Escritor explica que cancelou ida a iniciativa literária por ter havido um aproveitamento político de um dos organizadores

António Lobo Antunes garante que só quem não o conhece pode acreditar que tenha faltado a um encontro literário, no sábado, em Tomar, por "medo do confronto físico" com um grupo de militares reformados que tinham ameaçado agredi-lo. "A cobardia não é decerto um dos meus defeitos", explicou ao PÚBLICO o escritor, lembrando que correu "várias vezes risco de vida" durante a guerra colonial. 

Lobo Antunes está, por isso, "chocado e ao mesmo tempo com vontade de rir" com as "razões de segurança" invocadas em seu nome pela Entidade Regional de Turismo de Lisboa e Vale do Tejo, uma das promotoras da iniciativa, depois de o escritor ter cancelado a sua ida a Tomar.

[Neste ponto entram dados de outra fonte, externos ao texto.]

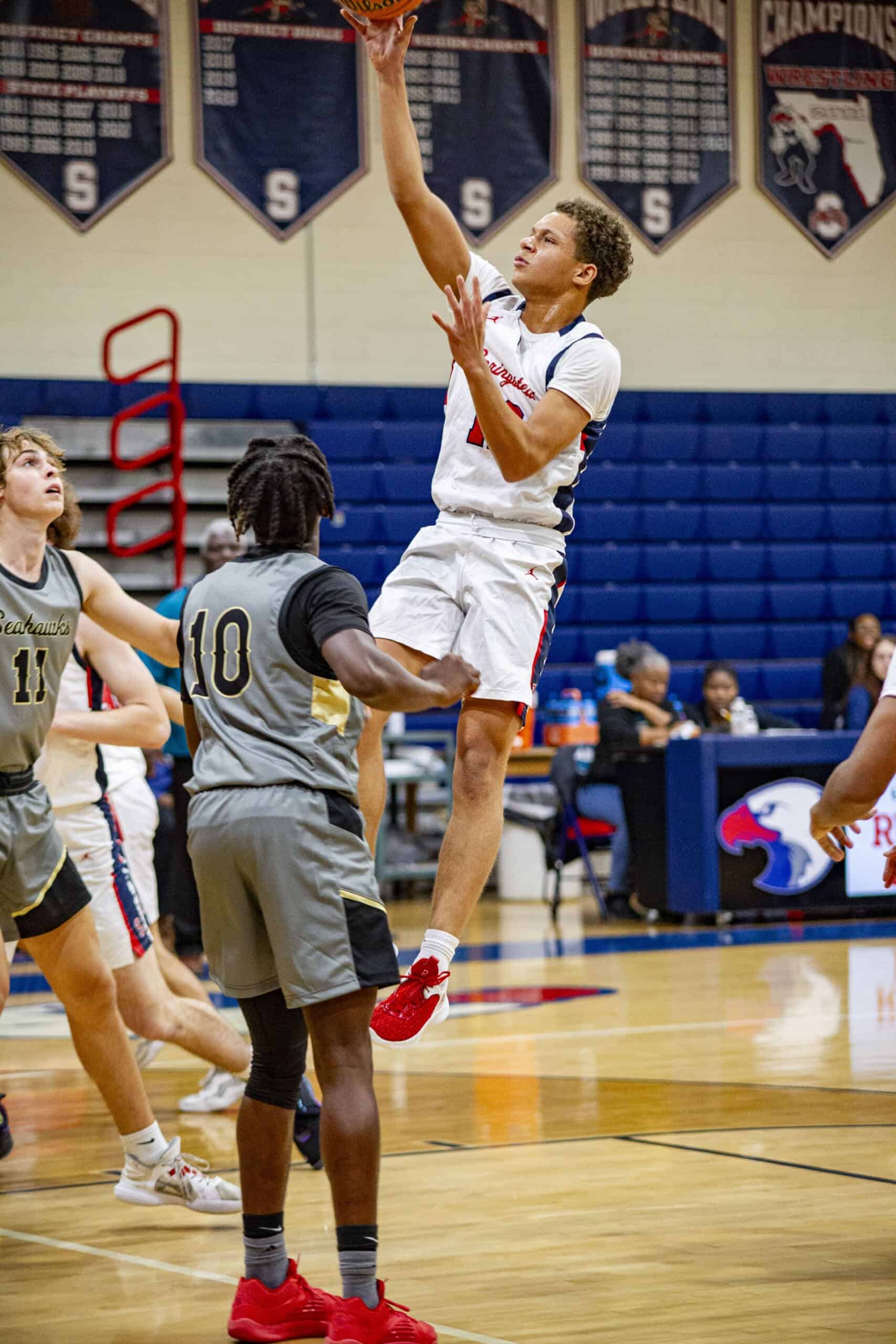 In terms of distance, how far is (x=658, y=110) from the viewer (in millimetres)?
13859

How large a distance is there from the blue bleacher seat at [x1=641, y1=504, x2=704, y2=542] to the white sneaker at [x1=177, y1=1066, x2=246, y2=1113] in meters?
8.79

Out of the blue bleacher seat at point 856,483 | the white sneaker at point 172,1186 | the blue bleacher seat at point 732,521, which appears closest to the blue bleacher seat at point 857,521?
the blue bleacher seat at point 856,483

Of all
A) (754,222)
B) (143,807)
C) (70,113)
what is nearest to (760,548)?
(754,222)

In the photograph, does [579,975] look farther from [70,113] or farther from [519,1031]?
[70,113]

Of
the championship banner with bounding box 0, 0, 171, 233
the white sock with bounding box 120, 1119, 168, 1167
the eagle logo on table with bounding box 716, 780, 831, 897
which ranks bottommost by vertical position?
the eagle logo on table with bounding box 716, 780, 831, 897

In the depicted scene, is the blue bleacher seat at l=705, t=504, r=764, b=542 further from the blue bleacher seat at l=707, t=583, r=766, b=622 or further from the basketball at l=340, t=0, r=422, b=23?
the basketball at l=340, t=0, r=422, b=23

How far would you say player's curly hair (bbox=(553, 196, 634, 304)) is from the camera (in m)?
4.11

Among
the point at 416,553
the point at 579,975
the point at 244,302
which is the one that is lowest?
the point at 579,975

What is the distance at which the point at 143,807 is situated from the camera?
543 cm

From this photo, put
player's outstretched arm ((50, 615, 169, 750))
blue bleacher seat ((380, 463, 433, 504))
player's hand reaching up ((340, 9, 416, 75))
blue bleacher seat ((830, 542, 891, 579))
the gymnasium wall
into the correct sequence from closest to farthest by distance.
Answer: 1. player's hand reaching up ((340, 9, 416, 75))
2. player's outstretched arm ((50, 615, 169, 750))
3. the gymnasium wall
4. blue bleacher seat ((380, 463, 433, 504))
5. blue bleacher seat ((830, 542, 891, 579))

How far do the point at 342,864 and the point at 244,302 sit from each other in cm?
1058

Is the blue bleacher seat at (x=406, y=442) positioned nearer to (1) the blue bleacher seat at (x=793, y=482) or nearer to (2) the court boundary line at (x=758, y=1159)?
(1) the blue bleacher seat at (x=793, y=482)

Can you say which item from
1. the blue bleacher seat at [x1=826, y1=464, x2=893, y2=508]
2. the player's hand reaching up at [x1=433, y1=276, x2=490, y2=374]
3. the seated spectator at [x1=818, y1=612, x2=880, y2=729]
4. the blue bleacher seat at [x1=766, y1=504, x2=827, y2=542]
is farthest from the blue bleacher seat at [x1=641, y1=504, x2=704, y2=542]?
the player's hand reaching up at [x1=433, y1=276, x2=490, y2=374]

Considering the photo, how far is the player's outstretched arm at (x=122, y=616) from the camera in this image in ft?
12.8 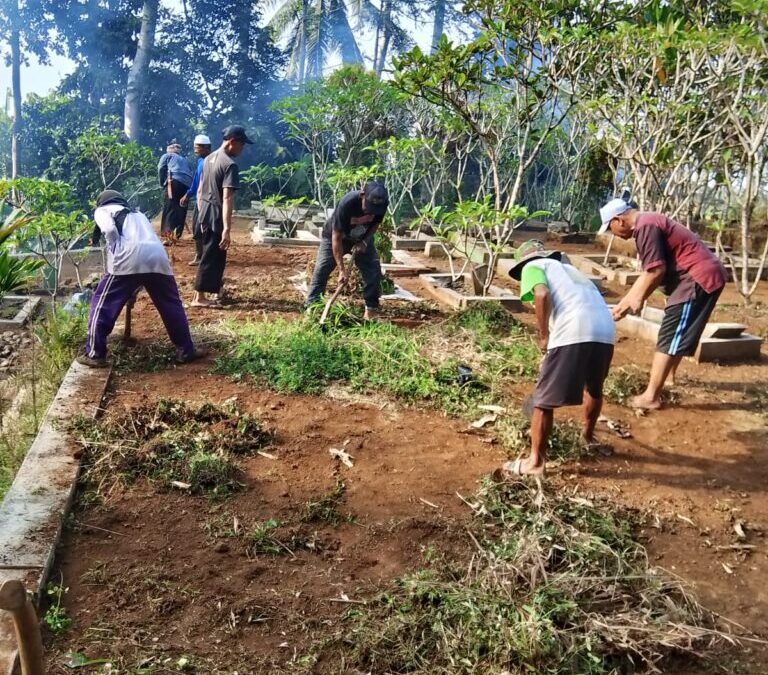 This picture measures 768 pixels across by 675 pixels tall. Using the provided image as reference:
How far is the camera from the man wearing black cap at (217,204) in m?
6.60

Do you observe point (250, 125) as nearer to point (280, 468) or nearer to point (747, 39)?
point (747, 39)

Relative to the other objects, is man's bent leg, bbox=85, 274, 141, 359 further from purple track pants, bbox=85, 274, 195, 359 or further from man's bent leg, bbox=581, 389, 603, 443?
man's bent leg, bbox=581, 389, 603, 443

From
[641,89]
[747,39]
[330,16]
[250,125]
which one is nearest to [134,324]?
[747,39]

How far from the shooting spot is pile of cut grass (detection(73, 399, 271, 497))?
3666 millimetres

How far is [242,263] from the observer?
9.55 meters

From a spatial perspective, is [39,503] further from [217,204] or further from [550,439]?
[217,204]

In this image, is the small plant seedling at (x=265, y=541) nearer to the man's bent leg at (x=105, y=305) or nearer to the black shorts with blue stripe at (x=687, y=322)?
the man's bent leg at (x=105, y=305)

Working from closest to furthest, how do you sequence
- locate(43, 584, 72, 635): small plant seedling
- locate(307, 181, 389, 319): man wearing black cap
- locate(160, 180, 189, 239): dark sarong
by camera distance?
locate(43, 584, 72, 635): small plant seedling → locate(307, 181, 389, 319): man wearing black cap → locate(160, 180, 189, 239): dark sarong

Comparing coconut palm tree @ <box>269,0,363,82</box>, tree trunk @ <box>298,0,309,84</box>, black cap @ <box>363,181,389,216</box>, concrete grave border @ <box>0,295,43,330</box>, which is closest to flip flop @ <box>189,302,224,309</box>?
concrete grave border @ <box>0,295,43,330</box>

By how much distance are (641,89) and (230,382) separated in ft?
25.4

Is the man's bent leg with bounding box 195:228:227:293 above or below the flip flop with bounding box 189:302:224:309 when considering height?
above

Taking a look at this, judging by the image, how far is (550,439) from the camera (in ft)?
13.8

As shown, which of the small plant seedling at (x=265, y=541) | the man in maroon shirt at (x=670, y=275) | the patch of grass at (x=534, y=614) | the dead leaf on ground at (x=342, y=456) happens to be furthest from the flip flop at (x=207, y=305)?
the patch of grass at (x=534, y=614)

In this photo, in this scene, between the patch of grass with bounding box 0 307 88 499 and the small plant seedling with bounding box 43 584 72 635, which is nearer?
the small plant seedling with bounding box 43 584 72 635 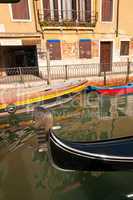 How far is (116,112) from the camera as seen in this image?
702 cm

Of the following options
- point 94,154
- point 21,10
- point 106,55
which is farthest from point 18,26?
point 94,154

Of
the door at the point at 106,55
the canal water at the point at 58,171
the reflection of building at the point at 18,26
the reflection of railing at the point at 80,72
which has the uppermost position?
the reflection of building at the point at 18,26

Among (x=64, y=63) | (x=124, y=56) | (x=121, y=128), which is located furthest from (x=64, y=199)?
(x=124, y=56)

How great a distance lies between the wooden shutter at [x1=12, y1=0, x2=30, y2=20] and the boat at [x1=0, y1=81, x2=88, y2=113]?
16.5ft

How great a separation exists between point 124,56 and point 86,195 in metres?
10.6

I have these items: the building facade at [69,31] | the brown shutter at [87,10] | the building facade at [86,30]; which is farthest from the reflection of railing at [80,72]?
the brown shutter at [87,10]

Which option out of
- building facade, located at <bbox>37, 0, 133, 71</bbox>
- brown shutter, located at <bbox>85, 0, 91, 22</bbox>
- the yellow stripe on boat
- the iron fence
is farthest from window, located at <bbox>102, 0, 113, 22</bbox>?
the yellow stripe on boat

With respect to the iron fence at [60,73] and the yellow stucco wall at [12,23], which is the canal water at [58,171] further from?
the yellow stucco wall at [12,23]

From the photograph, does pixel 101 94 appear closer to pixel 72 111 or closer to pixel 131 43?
pixel 72 111

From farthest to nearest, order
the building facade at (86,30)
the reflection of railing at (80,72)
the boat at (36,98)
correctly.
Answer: the reflection of railing at (80,72) < the building facade at (86,30) < the boat at (36,98)

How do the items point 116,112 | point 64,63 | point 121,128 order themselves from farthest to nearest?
point 64,63
point 116,112
point 121,128

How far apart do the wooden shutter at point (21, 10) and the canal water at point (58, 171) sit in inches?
235

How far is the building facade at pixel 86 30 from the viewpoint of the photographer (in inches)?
409

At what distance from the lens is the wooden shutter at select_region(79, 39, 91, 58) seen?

Lobo Antunes contou que estava a caminho daquela cidade quando soube que a Entidade Regional de Turismo de Lisboa e Vale do Tejo tinha feito um "aproveitamento político" da sua visita, ao citá-lo como exemplo de que "os portugueses famosos valorizam as férias cá dentro" e como sendo uma resposta ao apelo do Presidente da República para que os portugueses passem férias no país. 

Por essa razão, o escritor regressou de imediato a casa, mas o vice-presidente daquela entidade, Manuel Faria, disse que o autor tinha alegado "razões de segurança", já que um grupo de militares reformados tinha prometido agredi-lo pelas suas afirmações sobre a guerra colonial.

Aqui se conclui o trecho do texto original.